Directions for this task: Only the lines below from the one that contains "Capa do livro" through the one that contains "Зеркала Разработала и" should appear in your answer, exact and without pictures.

Recorded data:
= Beginning of Section =

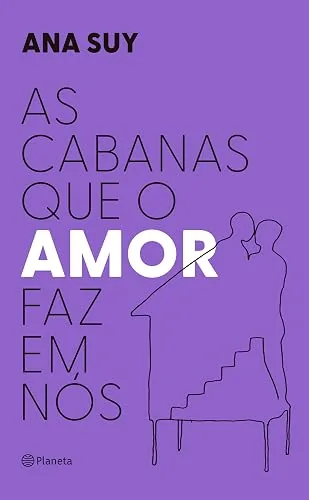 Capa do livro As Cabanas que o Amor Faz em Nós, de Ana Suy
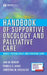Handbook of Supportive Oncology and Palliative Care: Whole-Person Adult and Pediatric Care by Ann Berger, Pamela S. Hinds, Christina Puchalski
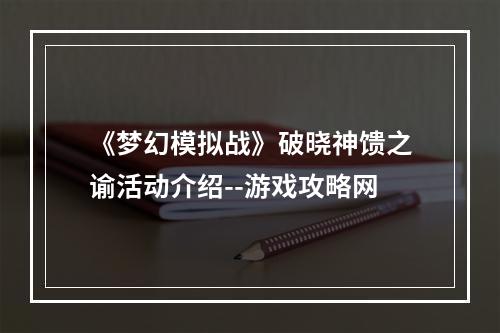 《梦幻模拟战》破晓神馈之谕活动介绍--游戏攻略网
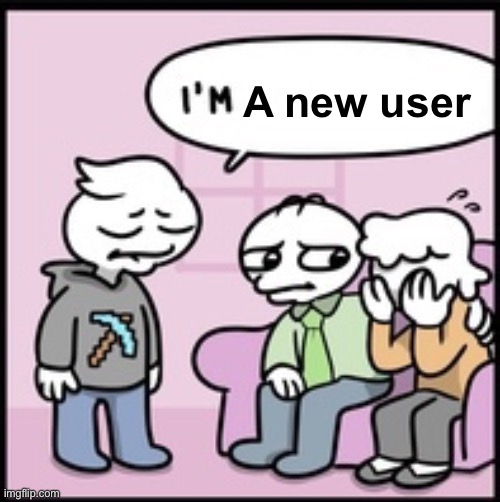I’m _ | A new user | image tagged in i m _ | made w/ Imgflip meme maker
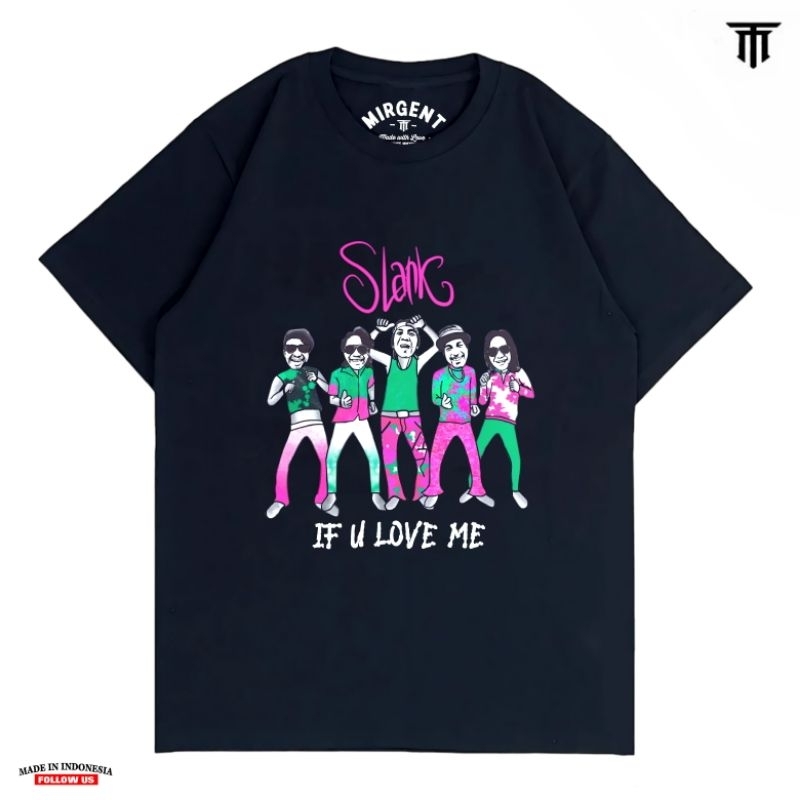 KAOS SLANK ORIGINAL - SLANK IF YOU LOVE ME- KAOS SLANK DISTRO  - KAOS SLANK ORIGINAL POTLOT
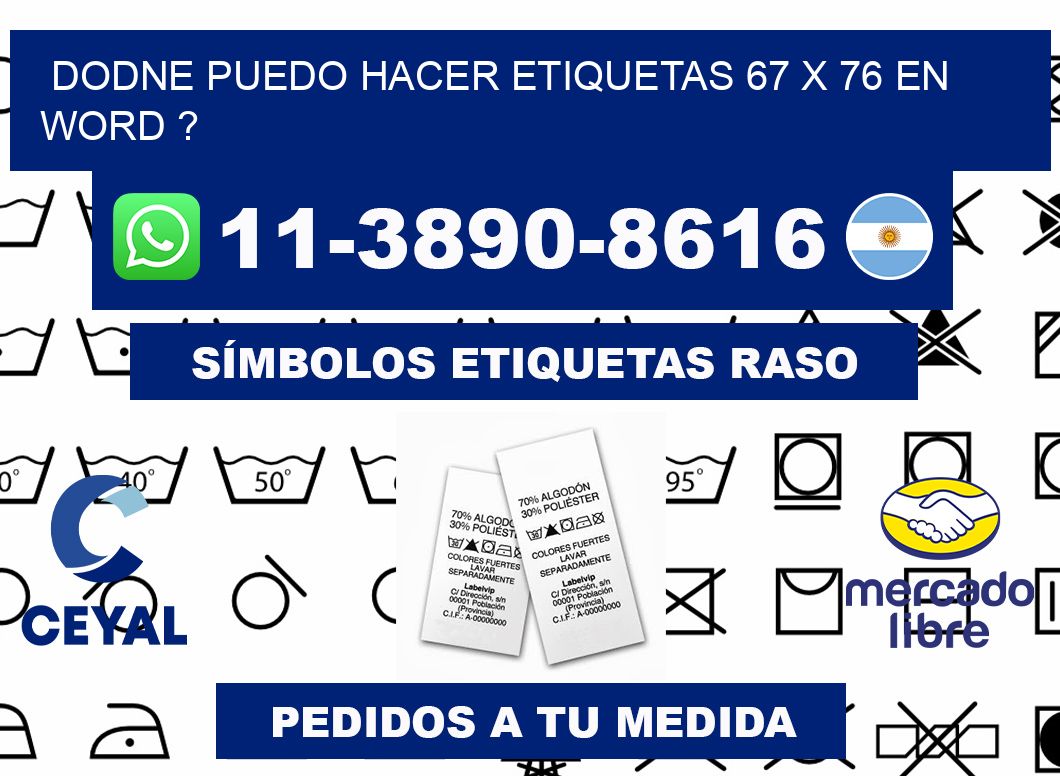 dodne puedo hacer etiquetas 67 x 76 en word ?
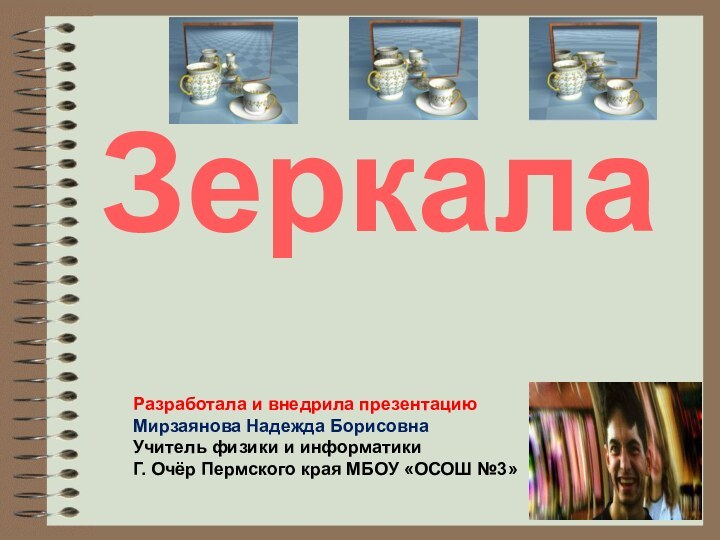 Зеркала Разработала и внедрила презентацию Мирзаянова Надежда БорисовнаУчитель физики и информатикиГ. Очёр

= End of Section =
= Beginning of Section =

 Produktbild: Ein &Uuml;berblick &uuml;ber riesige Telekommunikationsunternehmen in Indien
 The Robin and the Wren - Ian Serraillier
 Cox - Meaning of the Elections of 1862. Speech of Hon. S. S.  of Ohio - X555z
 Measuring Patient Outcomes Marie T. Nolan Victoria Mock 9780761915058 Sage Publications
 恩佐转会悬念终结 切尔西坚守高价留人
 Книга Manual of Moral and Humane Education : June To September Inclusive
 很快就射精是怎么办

= End of Section =

Solution for this exercise:
 Capa do livro As Cabanas que o Amor Faz em Nós, de Ana Suy
Handbook of Supportive Oncology and Palliative Care: Whole-Person Adult and Pediatric Care by Ann Berger, Pamela S. Hinds, Christina Puchalski
 《梦幻模拟战》破晓神馈之谕活动介绍--游戏攻略网
I’m _ | A new user | image tagged in i m _ | made w/ Imgflip meme maker
 KAOS SLANK ORIGINAL - SLANK IF YOU LOVE ME- KAOS SLANK DISTRO  - KAOS SLANK ORIGINAL POTLOT
 dodne puedo hacer etiquetas 67 x 76 en word ?
 Зеркала Разработала и внедрила презентацию Мирзаянова Надежда БорисовнаУчитель физики и информатикиГ. Очёр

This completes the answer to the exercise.